Marta fue trasladada al Complejo Penitenciario Los Hornos, ubicado a 95 kilómetros del municipio de Moreno, y desde entonces quedó sin visitas familiares, lo que dificultó aún más su estancia carcelaria, tanto en el plano del sostén afectivo como material. Una vez allí, vivió refugiada en el pabellón evangélico de la UP núm. 33 entre 2003-2011, adonde fue llevada por la líder del pabellón “para estar tranquila”; posteriormente, en la casita de la UP núm. 8, del 2011 hasta la actualidad. En relación con las características específicas de las unidades donde estuvo alojada, vale decir que la UP núm. 33 fue la primera del sistema penitenciario bonaerense en habilitar, ya desde 1999, pabellones de madres, destinados al alojamiento de embarazadas y mujeres que crían a sus hijos o hijas menores de cuatro años in situ. Actualmente cuenta con tres pabellones de madres, y hasta diciembre del 2020, alojaba 24 mujeres en dicha situación. De esta manera, pretendo poner de relieve que, si bien la segregación y el maltrato hacia las infanto forma parte del folklore de las cárceles de mujeres, en la UP núm. 33 (por el tipo de población que aloja) el rechazo se agudiza en tanto la maternidad ocupa un lugar simbólico especialmente venerado. Por su parte, la UP núm. 8, al integrar el mismo complejo penitenciario, recibe población de “la 33” (y viceversa), por lo que suelen compartir criterios y códigos de vida.

Yo saqué fuerzas pidiéndole a Dios para seguir adelante. A lo primero era una persona que no podía asimilar que estaba presa. Estaba de aquí para allá, me cambiaba de lugar, iba y venía. Me he agarrado a las manos porque no quería saber nada, no podía soportar el lugar donde yo estaba siendo inocente. Lo que menos me imaginé es que iba a caer con una causa como ésta. Yo pensaba bueno, si hubiese robado, si me hubiese drogado, o hubiese hecho algo, lo pago tranquilamente. Pero sabiendo que soy inocente, es lo peor que te puede pasar en la vida. Encima que pierdo a toda una familia entera, estar presa… Nadie te da explicaciones de nada (Entrevista, Berazategui, 07/11/2017).

Asegura que, a lo largo de su trayectoria carcelaria, recibió más violencia por parte de la población de mujeres que del propio Servicio.

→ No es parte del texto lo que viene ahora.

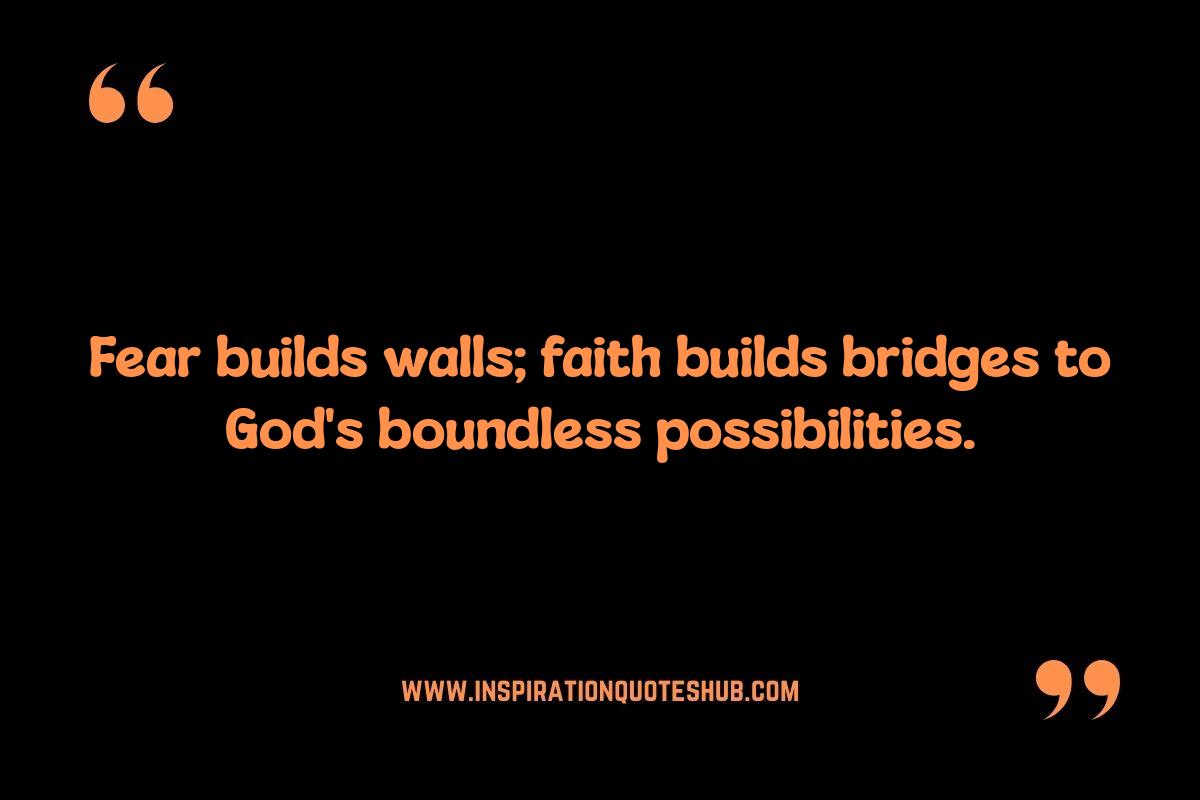 Faith Over Fear Quotes for Anxiety: Calming the Storm Within Faith Over Fear Quotes for Anxiety: Calming the Storm Within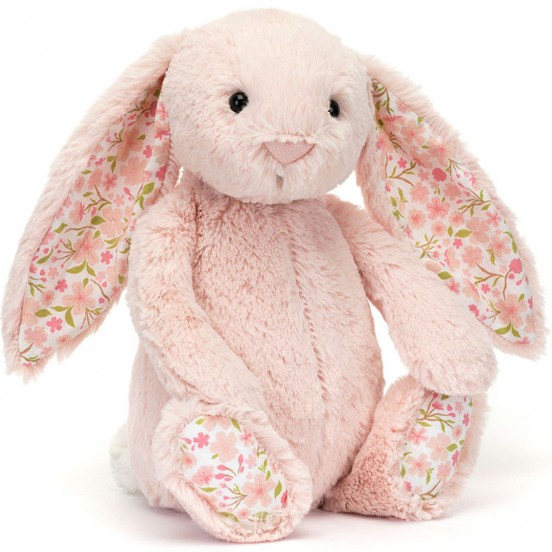jellycat knuffelkonijn elsie cherry - 31 cm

A mí me golpearon, me dieron una paliza que no me dejaron inválida porque Dios no lo permitió, porque Dios me protegió desde el primer momento que caí presa. Si Dios no me hubiese protegido, yo estaría muerta. Si hubiese sido culpable, yo no estaría sentada en este momento [...] Lo que más me afectó es que me tocaron la causa, me tocaron lo más doloroso de mi vida que son mis hijas. Yo no tengo a mis hijas. No tengo nada. Y ahí adentro yo no tengo a nadie. No son mi familia. Como dicen ahí en la casita que somos familia. No, no somos familia. Te puedo querer y apreciar, pero más de ahí no [...] Por mi causa sufrí psicológicamente, físicamente, por parte de mis compañeras de otros pabellones que sabían la causa [...] La policía nunca me vino a decir las palabras que me dicen las compañeras. La policía por ahí te maltrata de otra manera (Entrevista, Berazategui, 07/11/2017).

A su vez, cuenta que, en veinte años de detención, tuvo la oportunidad de relatar a una sola compañera la historia detrás de la causa, de la etiqueta de infanto. Sin embargo, esta persona, Laura, con quien construyó un vínculo de relativa confianza, también la insultaba con frecuencia por la causa, e incluso le propinaba golpes.

Yo le había contado mi historia y muchas veces ella me acusó y me dijo un montón de cosas. Cuando se enojaba conmigo, me cacheteaba. Cuando yo le comenté el tema mío, y ella un día se levantó enojada, y me pegó cachetazos. No sé si te habrá contado. Fue por un despertador que yo tenía. Se enojó porque no sonó y dijo que yo la tenía que despertar para hablar con la hija por teléfono. Después se arrepintió de haberme pegado, pero no de haberme dicho lo que me dijo [...] A mí la psicóloga de la unidad me dijo muchas veces que me mire al espejo todos los días y le dé gracias a Dios, que me levante contenta. Yo siempre me levantaba cantando alabanzas de Dios. A Laura, y a otras personas que estaban ahí, les molestaba. Entonces un día dije “basta”, y cantaba por dentro mío. He pasado por muchas cosas (Entrevista, Berazategui, 07/11/2017).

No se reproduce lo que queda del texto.